Task to complete: One number should be the full reply: how many lines of the material below contain "vector".

Records shown:
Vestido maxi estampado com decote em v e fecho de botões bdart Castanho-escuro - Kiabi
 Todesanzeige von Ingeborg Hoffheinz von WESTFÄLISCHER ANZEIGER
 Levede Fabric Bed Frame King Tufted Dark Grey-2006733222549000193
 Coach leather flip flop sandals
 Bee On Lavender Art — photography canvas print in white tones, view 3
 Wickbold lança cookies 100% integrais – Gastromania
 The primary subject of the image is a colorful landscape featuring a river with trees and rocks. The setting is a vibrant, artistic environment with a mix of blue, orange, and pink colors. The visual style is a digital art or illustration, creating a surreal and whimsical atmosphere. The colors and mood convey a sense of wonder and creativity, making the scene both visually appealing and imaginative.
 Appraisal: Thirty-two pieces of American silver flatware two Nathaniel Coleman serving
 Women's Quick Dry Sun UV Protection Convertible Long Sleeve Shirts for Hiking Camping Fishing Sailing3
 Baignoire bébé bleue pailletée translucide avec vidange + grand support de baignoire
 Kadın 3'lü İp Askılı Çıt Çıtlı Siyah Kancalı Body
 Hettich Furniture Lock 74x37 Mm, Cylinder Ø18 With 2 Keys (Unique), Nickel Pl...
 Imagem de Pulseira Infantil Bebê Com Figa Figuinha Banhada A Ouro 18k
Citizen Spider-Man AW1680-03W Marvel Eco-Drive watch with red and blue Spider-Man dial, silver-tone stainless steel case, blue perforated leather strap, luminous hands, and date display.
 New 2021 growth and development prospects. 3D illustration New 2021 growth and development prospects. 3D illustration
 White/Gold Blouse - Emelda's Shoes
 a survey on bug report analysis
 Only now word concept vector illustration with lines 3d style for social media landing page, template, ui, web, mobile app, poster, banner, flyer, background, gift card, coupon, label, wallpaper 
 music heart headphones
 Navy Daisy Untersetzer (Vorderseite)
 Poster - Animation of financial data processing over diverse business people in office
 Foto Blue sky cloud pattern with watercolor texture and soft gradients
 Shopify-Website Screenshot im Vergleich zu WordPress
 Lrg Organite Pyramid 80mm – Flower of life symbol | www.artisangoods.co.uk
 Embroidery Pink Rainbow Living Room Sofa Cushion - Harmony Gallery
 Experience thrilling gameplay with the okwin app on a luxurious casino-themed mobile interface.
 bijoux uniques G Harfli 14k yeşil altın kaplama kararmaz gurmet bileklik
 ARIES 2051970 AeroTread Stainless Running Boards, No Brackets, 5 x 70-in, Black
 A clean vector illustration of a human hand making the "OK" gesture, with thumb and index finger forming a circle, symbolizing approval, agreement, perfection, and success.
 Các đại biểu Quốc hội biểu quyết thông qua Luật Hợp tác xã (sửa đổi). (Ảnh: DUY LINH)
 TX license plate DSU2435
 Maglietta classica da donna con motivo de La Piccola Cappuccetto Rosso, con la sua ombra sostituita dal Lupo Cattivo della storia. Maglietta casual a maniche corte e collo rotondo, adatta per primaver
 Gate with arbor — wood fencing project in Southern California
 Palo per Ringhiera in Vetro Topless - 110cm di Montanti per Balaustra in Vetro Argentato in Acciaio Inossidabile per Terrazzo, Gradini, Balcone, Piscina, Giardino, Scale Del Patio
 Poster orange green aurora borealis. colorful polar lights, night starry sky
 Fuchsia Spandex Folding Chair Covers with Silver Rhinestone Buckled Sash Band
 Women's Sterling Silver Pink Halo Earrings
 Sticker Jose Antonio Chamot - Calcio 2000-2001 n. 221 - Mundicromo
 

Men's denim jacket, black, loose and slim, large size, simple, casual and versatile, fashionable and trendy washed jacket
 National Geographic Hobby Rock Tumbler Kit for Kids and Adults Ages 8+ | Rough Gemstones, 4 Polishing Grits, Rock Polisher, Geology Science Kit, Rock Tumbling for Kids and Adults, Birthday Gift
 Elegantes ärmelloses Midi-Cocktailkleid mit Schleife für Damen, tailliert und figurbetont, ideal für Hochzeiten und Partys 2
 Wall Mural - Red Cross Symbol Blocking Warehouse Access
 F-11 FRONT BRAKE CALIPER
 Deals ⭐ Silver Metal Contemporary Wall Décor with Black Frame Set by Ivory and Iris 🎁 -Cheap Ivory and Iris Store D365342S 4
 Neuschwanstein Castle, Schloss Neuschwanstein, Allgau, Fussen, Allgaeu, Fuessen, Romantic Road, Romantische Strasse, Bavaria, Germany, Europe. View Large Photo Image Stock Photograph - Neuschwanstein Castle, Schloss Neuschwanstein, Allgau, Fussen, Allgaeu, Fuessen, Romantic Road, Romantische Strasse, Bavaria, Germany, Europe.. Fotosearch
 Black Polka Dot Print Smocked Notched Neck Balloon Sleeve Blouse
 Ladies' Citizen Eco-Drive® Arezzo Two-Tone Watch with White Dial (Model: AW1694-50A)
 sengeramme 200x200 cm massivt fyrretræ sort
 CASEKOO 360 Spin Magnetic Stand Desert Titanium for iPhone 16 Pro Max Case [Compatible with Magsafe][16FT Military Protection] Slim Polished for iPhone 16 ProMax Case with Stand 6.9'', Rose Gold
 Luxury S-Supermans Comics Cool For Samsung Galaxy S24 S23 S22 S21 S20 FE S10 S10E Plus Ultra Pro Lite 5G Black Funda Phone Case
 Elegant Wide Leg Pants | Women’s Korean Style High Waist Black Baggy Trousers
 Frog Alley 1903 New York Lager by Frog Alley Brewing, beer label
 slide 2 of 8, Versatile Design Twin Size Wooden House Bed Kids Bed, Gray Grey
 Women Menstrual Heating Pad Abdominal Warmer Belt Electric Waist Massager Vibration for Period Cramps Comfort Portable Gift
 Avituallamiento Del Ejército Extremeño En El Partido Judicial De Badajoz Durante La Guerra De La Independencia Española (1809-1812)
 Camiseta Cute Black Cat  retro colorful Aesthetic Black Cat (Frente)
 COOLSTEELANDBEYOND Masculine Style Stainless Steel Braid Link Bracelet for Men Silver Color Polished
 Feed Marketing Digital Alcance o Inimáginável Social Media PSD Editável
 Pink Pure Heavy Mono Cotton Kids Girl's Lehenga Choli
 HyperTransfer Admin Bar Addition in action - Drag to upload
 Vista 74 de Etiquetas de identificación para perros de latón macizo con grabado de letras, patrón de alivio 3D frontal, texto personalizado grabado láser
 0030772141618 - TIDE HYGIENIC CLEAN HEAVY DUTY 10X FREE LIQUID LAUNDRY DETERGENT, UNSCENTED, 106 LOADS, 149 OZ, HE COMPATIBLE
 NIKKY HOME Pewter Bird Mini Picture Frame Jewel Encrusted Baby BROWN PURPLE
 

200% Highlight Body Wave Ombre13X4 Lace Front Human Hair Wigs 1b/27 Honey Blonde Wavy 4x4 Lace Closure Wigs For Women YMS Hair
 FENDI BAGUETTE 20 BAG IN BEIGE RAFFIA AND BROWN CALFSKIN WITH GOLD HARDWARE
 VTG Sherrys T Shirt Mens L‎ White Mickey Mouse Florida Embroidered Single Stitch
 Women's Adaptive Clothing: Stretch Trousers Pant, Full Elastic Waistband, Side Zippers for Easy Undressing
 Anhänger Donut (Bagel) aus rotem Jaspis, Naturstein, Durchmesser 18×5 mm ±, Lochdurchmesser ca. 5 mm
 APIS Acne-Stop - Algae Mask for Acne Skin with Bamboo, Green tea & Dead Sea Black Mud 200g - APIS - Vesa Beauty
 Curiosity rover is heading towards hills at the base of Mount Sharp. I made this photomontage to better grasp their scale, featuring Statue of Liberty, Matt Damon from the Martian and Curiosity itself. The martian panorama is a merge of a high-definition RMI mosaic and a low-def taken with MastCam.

Your response: 2